Panorama Setorial 2026 aponta participação feminina majoritária e remuneração praticamente equivalente entre homens e mulheres no setor
As mulheres representam 79,8% da força de trabalho das farmácias de manipulação no Brasil, segundo o Panorama Setorial 2026 da Associação Nacional de Farmacêuticos Magistrais (Anfarmag). O levantamento também aponta remuneração praticamente equivalente entre homens e mulheres no setor.
O cenário contrasta com o mercado privado brasileiro. De acordo com o 5º Relatório de Transparência Salarial, do Ministério do Trabalho, as mulheres receberam, em média, 21,3% menos que os homens nas empresas privadas.
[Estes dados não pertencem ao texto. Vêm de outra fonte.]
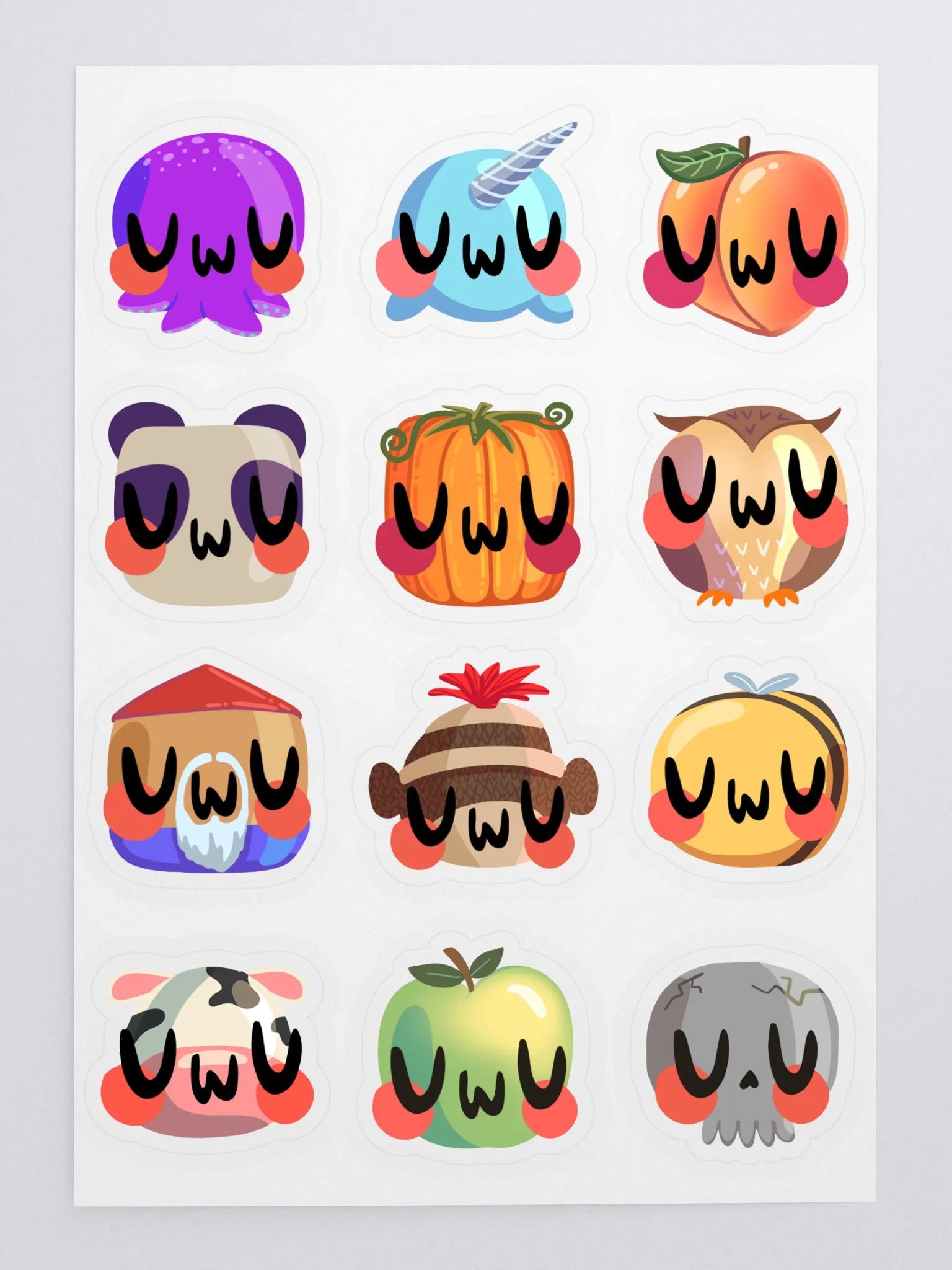 uwu sticker sheet product image (1)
Além da presença majoritária na força de trabalho, as mulheres também ocupam posições de gestão e representação no setor. Para Elaine Fontino, farmacêutica e presidente da Regional São Paulo da Anfarmag, a atividade possibilita combinar conhecimento técnico e empreendedorismo.
“As mulheres encontraram na atividade magistral um espaço no qual puderam integrar conhecimento científico, habilidade de gestão e espírito empreendedor.”
No Pará, Camila Andréa Rodrigues, que lidera a associação no estado, relaciona a participação feminina às características da profissão, como organização, atenção aos detalhes e cuidado personalizado.
A farmacêutica e empresária Mônica Meneghel, do Espírito Santo, destaca que a presença feminina já é majoritária desde a graduação em Farmácia e nos cursos técnicos. Segundo ela, a atenção aos detalhes também permanece importante na produção de fórmulas personalizadas.
As trajetórias das profissionais têm em comum a busca por qualificação, atualização científica e desenvolvimento em gestão. O Panorama Setorial 2026 também aponta avanço no nível de escolaridade do setor.
Os dados e relatos indicam que a participação feminina na atividade magistral vai além da força de trabalho, alcançando também espaços de liderança, gestão empresarial e representação institucional.